People in IT will probably (or at least should) appreciate that the technology aspect itself can already be exceedingly complicated. It is easy to understand provisioning of backup power and cooling. (Although, in my experience, most people don’t appreciate the complexities of cooling in a data centre.) The same can also be said about other redundant server and network components. These are the building blocks. Where it gets complicated is when we need complex inter-dependencies between these building blocks to build up a resilient system that can ensure application availability.
Alright, if I just lost you, let me take a step back. Storage is really not as simple as it seems. You know about RAID1 and RAID5. But these do not protect you from a facility-wide outage. You need remote data replication. Now, it is easy to say, but remote data replication leads to many more questions. Is the data replicated synchronously? How is failover handled? How is fail back handled? Is there active-active operation?
Then, when you thought you’ve sort of understood the Technology part, there’s still the People and Processes parts to deal with. You need people to know what they need to do. You need processes in place so that everyone knows what they are supposed to do, and when they are supposed to do. Does everyone know what to do when an emergency situation arises? Are there guidelines to help people recognise an emergency situation? Are there people and processes in place before the emergency situation to ensure that the IT organisation is ready when that said situation arises? How do we know at all that those preparations really work?
There are so many aspects to talk about just in the area of business continuity management in IT. But just let me share a couple of things about communication in an emergency situation. Many organisations forget about the need for well managed communication. Here’s a list of things that happen when IT goes down:
- IT staff respond to the situation.
- Customers, at the same time, are already affected, and they want to know how are they affected and when will things be fixed.
- But of course, IT just responded. They don’t know what is wrong. They are trying to figure that out.
- Customers are impatiently hounding IT. This might actually hinder IT’s work. In fact, this incessant pestering could even be preventing IT from getting useful work done.
- Meanwhile, IT has no useful information to share. Or they are so busy they have no time to share what they think are meaningless information.

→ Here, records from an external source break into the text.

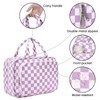 Narwey Large Checkered Hanging Travel Toiletry Bag for Women Wash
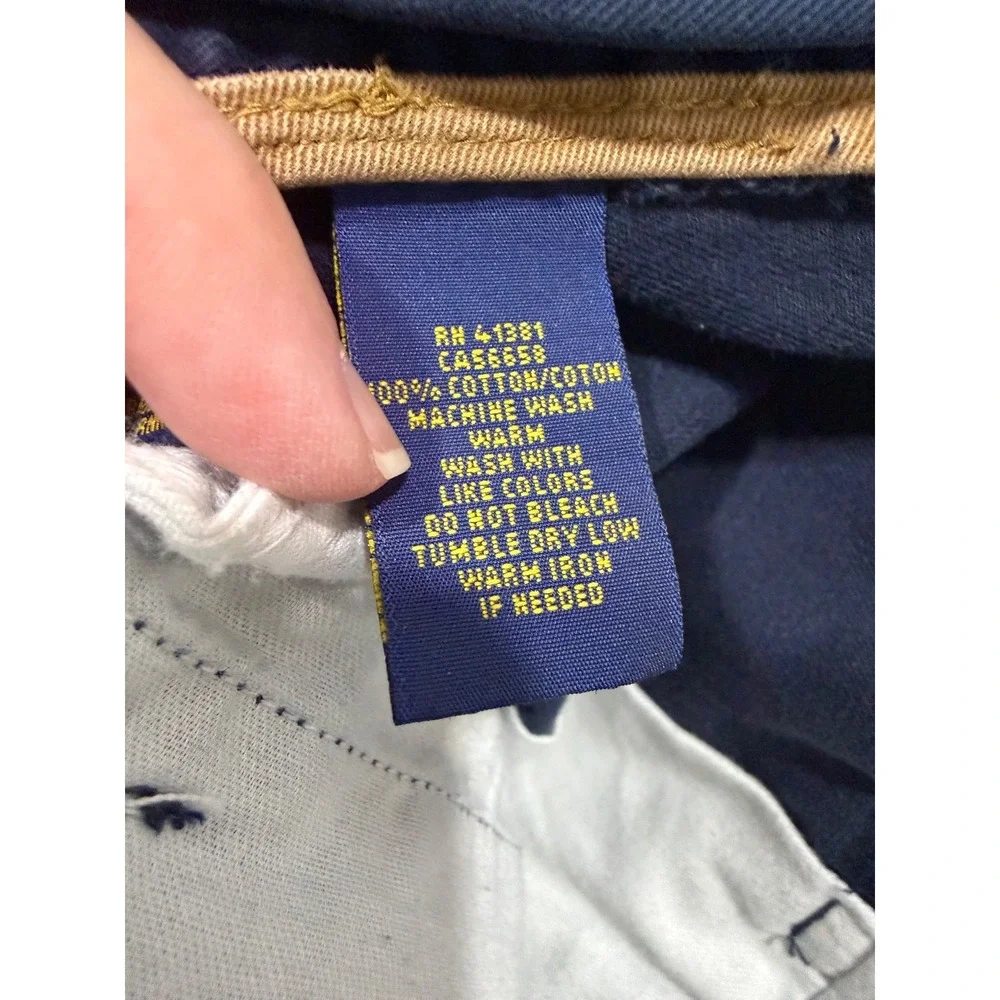 poli ralph lauren navy chino cargo‎ shorts 40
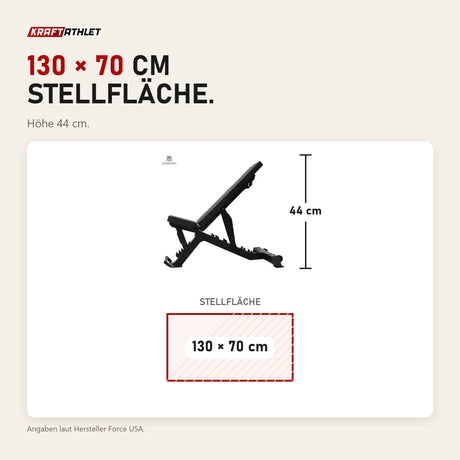 Maßbild Force USA Pro Series FID Bench Hantelbank: Stellfläche 130 × 70 cm, Höhe 44 cm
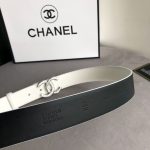 Chanel Leather Belt With Cc Pearl And Silver Tone Metal White 3Cm - Image 5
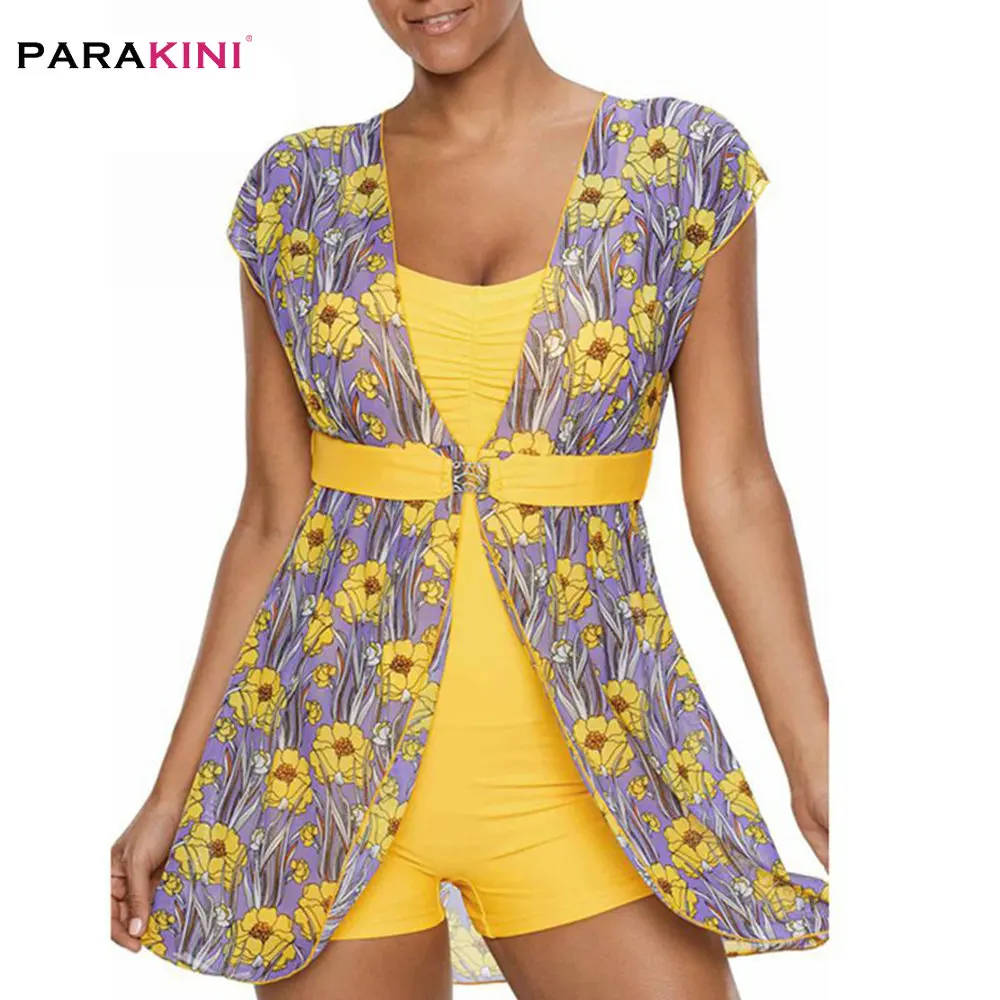 

PARAKINI One Piece Plus Size Swimming Suit V-Neck Open Back Swimsuit Women's Bikini Trunks Bather Push Up Padded Swimwear Dress
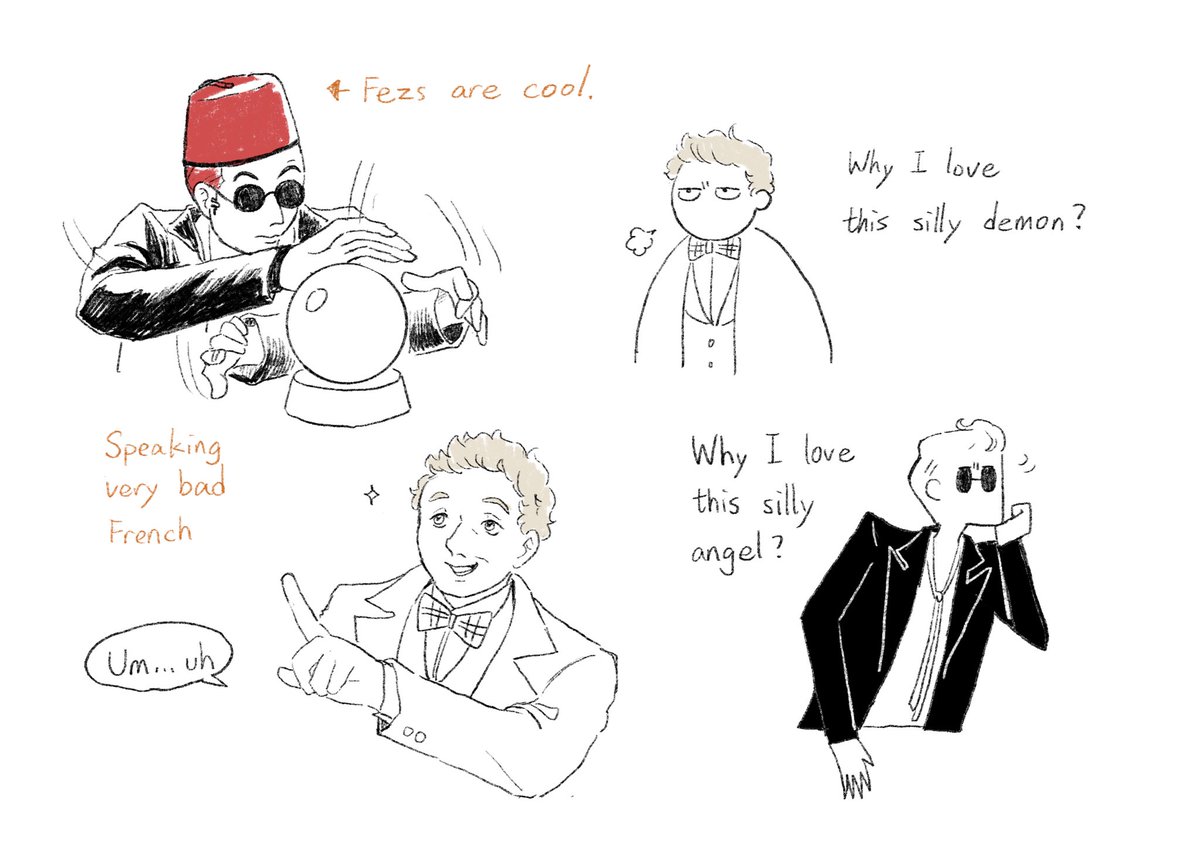 tang5325's tweet photo. #GoodOmens2 #goodomens2spoilers 
Ep5 completed!

I am glad that I can start to draw the last episode, but also feel bad at the same time🥲you know the reason. https://t.co/DjthNHCf8S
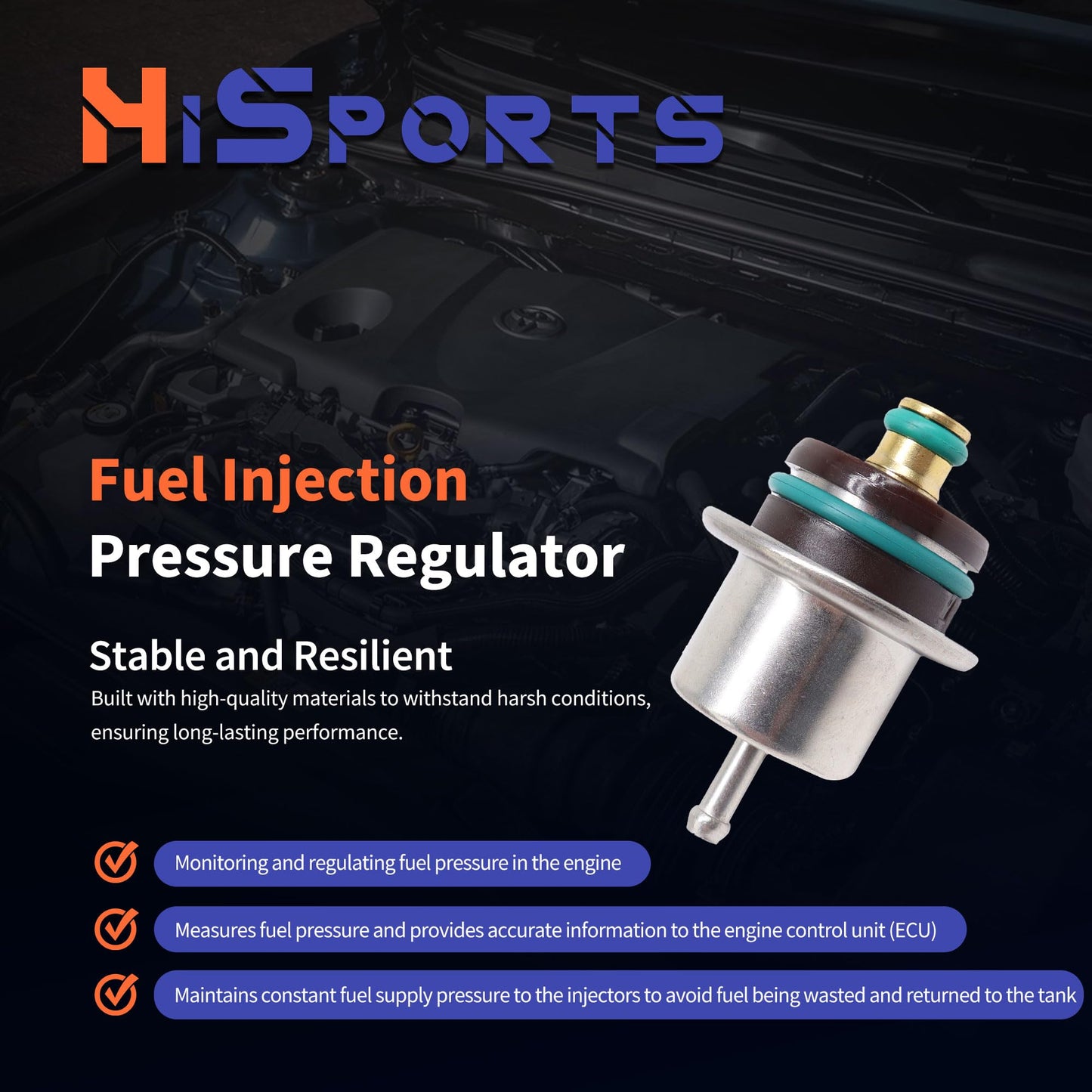 HiSport Fuel Injection Pressure Regulator PR317 Replacement for Ford Fiesta Ka Excursion Courier E-150 E-250 E350 E-450 E-550 F-150 F53 F-250 F-350 F-450 F-550 Windstar for Mercury Sable, 2.7 Bar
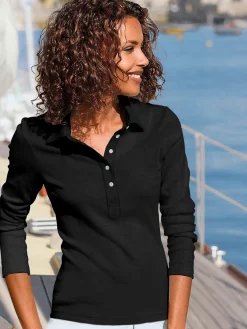 T-Shirts<Polo à manches longues pur coton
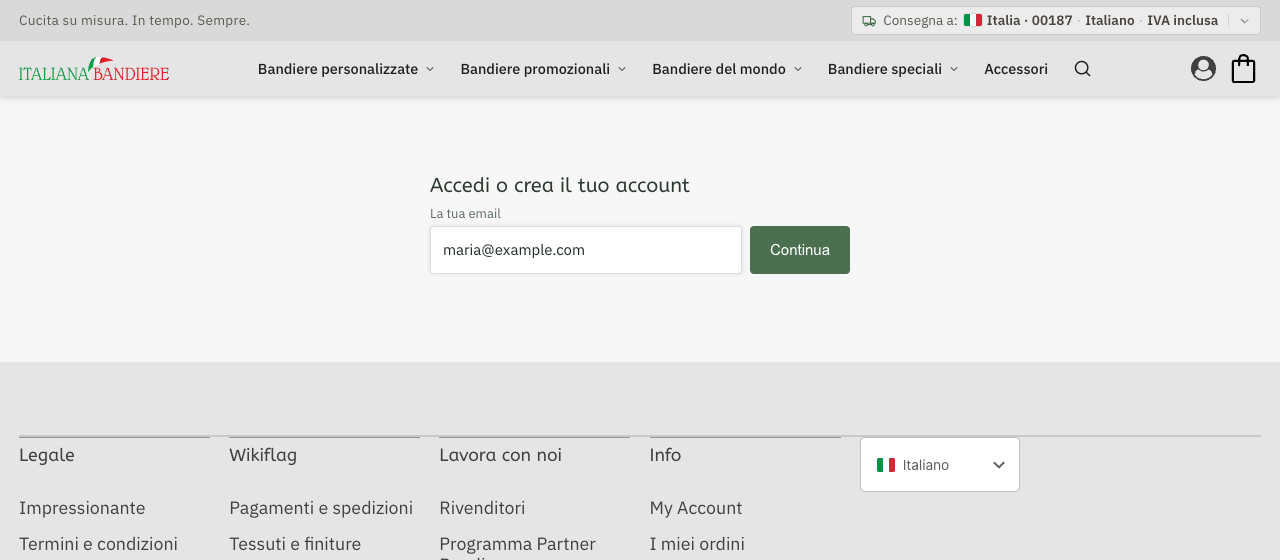 The page My account with the field «Your email» and the button «Continue»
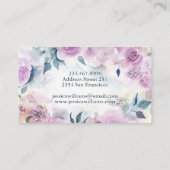 Dreamy Lila Rose florale Visitenkarte (Rückseite)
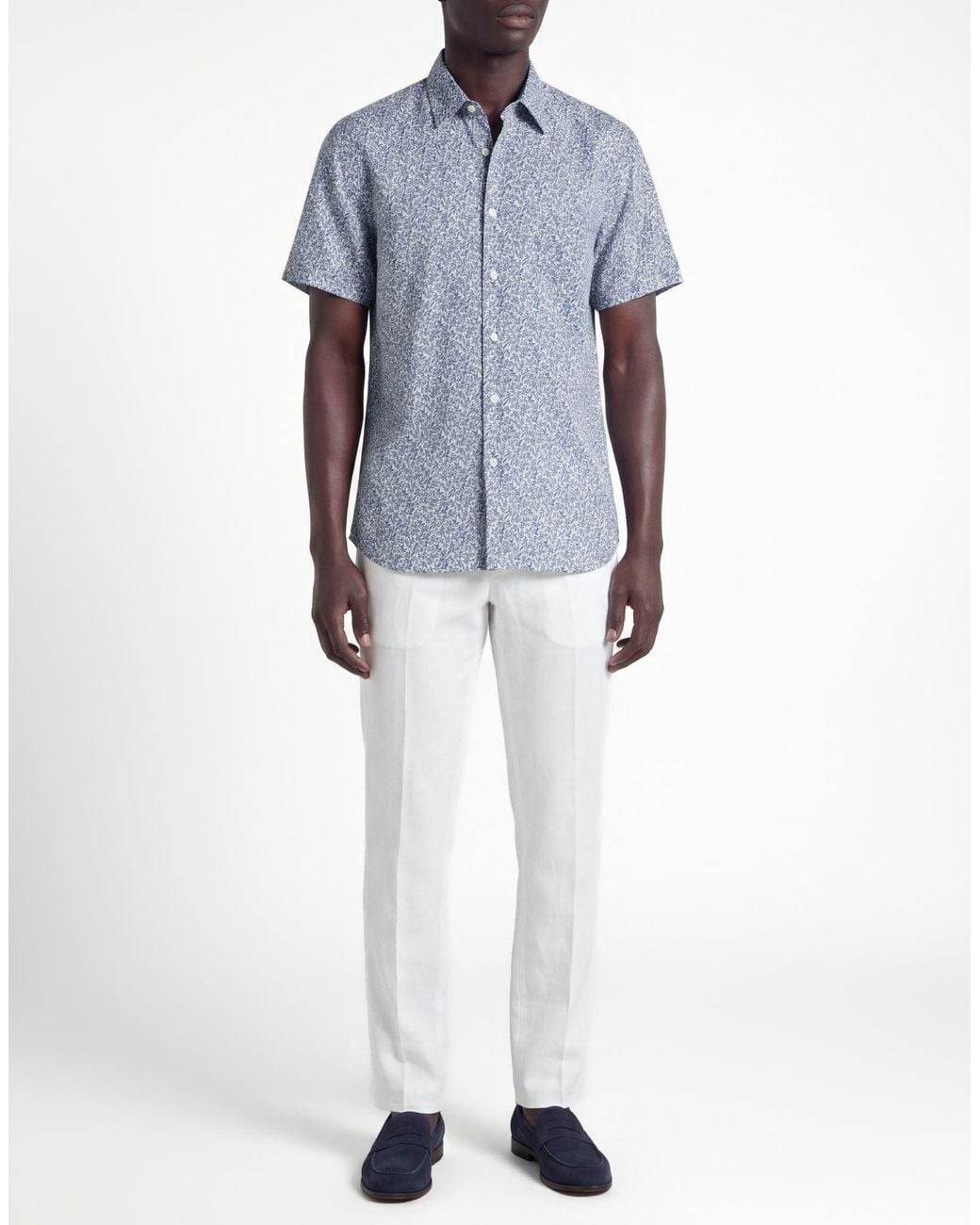 120% Lino Blue Shirts for men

So customers get no update.
- Customers get angrier.
This degenerative cycle also happens in other areas. Think about all the lack of communication coming from SMRT during the initial major breakdowns. We learn from those mistakes, and subsequently, we get better at communicating with customers. IT may still not know what has gone wrong at the onset of an incident, but they know how to convey their lack of information in such manner that satisfies their stakeholders.
Business continuity for an entire organisation, of course, is a whole lot more in-depth and comprehensive, compared with just what the IT organisation within the business has to deal with.